I’m not going to give you a tutorial or step-by-step instructions for setting up a Google Ads Campaign. Google already does a great job at explaining that. You can find out how here. What I will talk about, is some strategies and performance metrics to keep in mind when you set up your campaign.

The most common strategy is targeting relevant keywords. A painting business would target things like interior painting, painting contractor, painter in (location), etc. Good words for an interior design business would be interior designer, interior decoration, interior decor etc. Google’s keyword planner is a great tool to help make sure you’re getting as many keywords as possible. Something to always keep in mind is utilizing negative keywords as well. Negative keywords are used to block keywords you might not want your business showing up for if that word is searched. For example, since Walls by Design only does interior painting, I have added negative keywords related to exterior painting so people don’t accidentally call us to paint the exterior of their house.

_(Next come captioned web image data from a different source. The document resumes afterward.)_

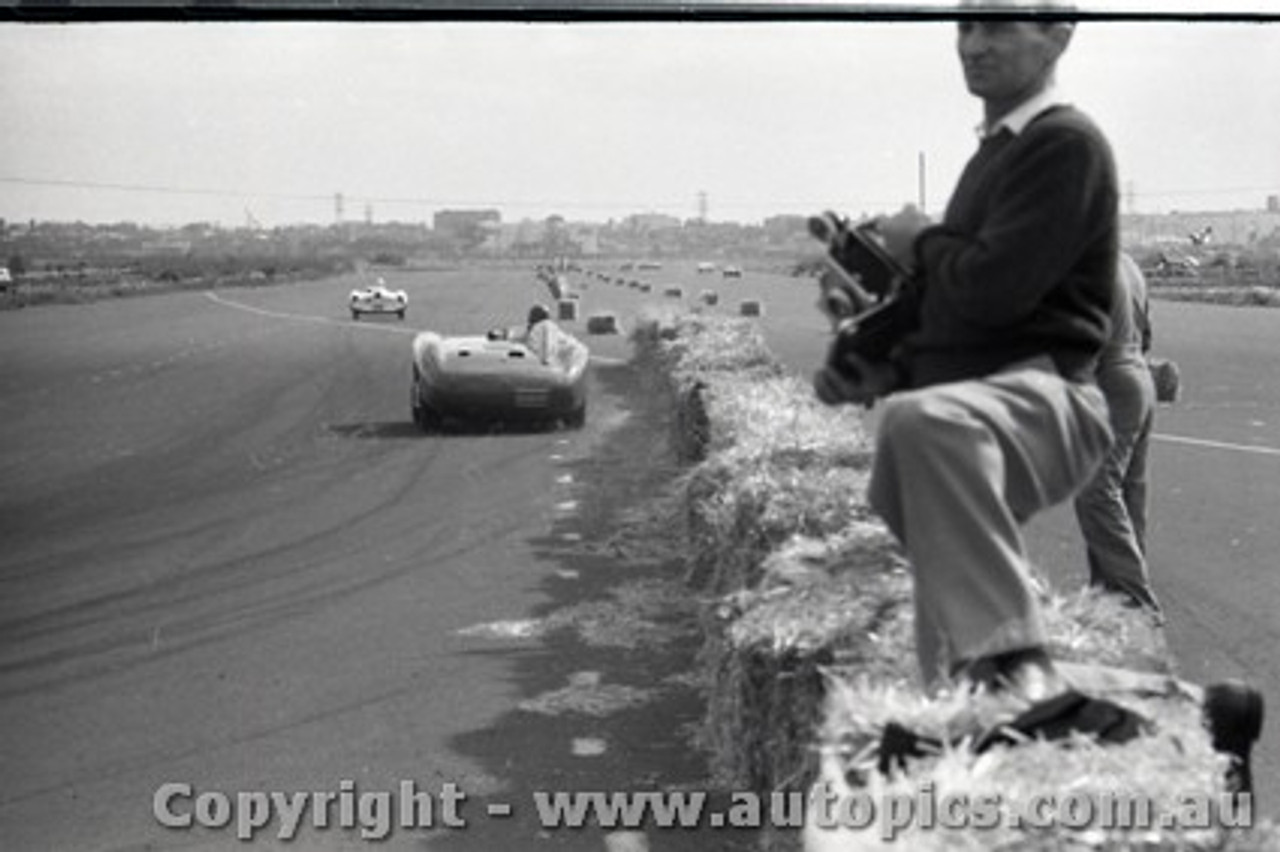 All of 1958 Fishermans Bend - Photographer Peter D'Abbs - Code FB1958-289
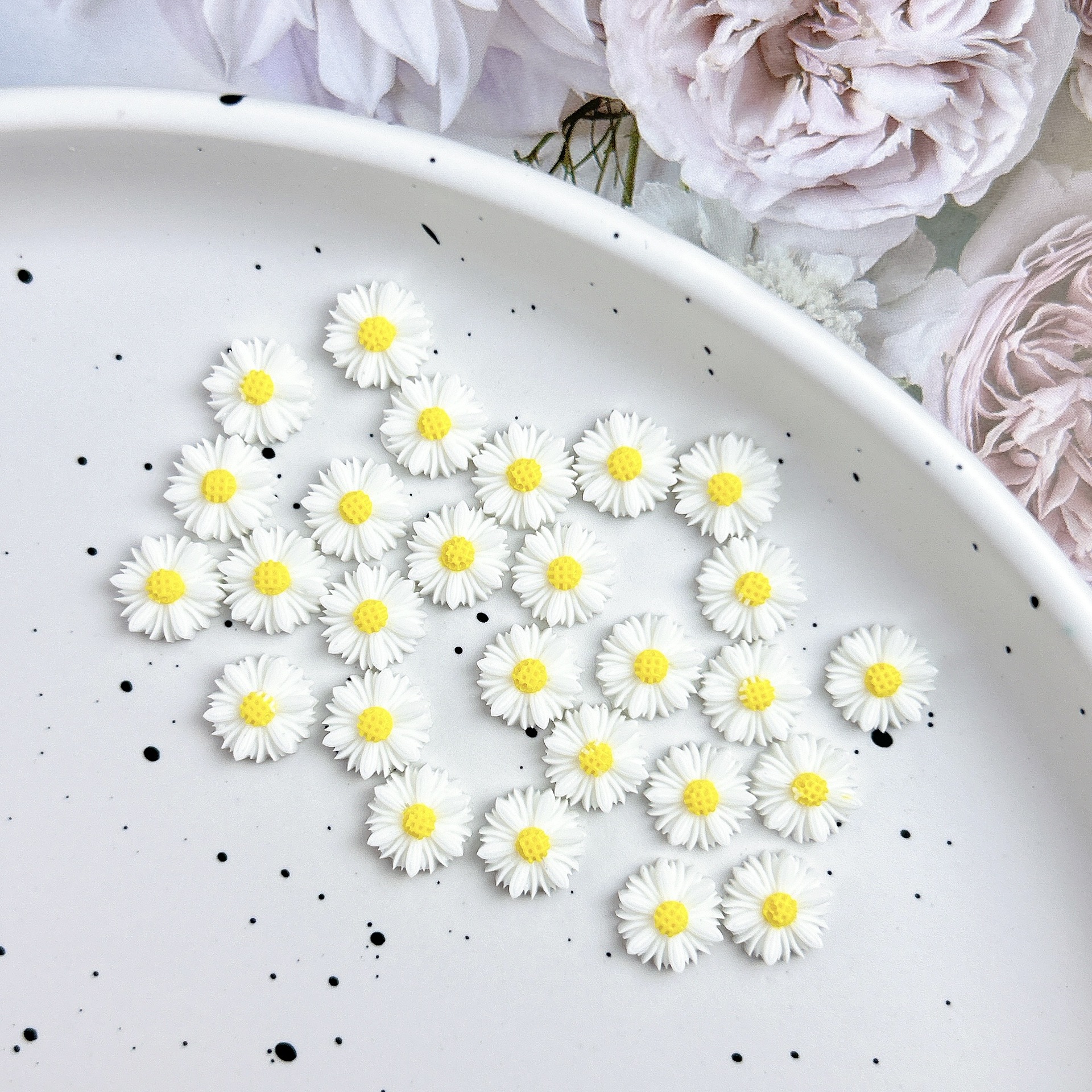 Relieve de primavera pequeña margarita pegatinas de uñas tamaño de óleo tridimensional flor blanca decoración de uñas al por mayor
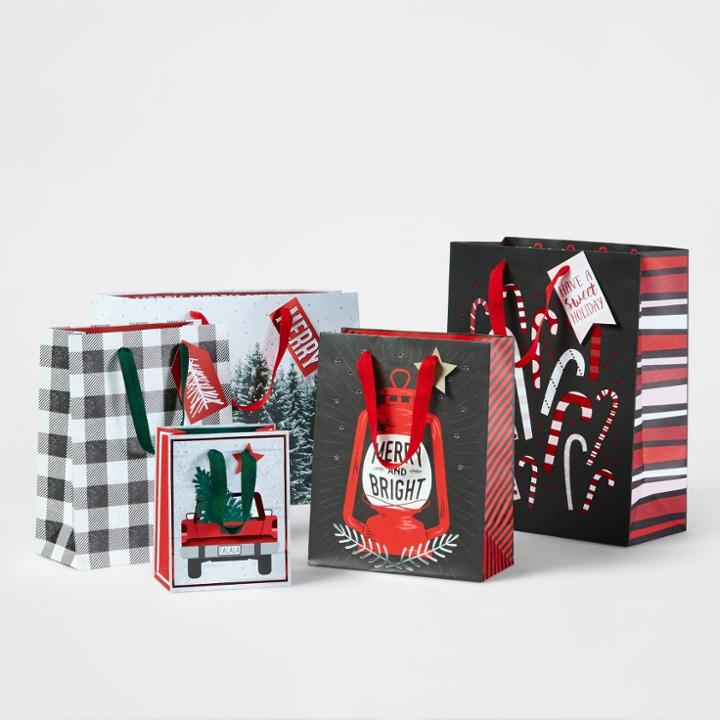 Traditional Merry & Bright Gift Bag Bundle - Wondershop
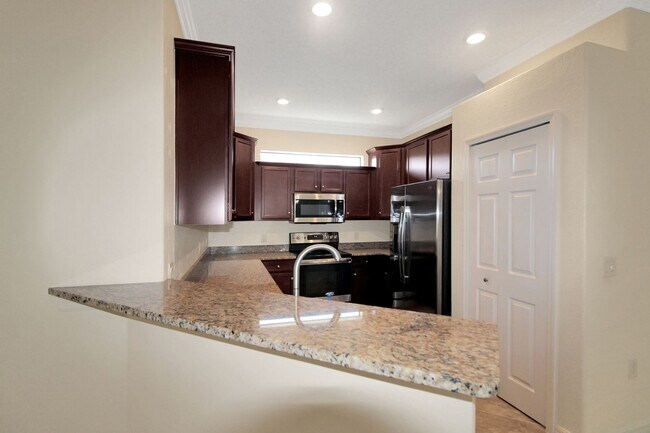 Building Photo - Gran Paradiso Annual Villa for Rent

The second strategy that you can use Google Ads for is targeting your competitor’s web traffic. Instead of targeting keywords related to your service you can target keywords related to a specific business. This is where being the better business really comes in handy. For example, one of our competitors has a comparison chart for the best painting company (them) vs the oldest company (unknown) on their website. The whole idea for this comparison is to make them look like they’re the better painting business. Well, when they compared themselves to one unnamed business it definitely looks that way. That is until we started targeting their audience. Our most successful competitor’s ad has the title “There’s a reason why (our competitor) doesn’t compare us to them” and the description “We were voted best painting contractor of 2016, come find out why.” The link then sends them to ‘Our Painting Difference’ web page.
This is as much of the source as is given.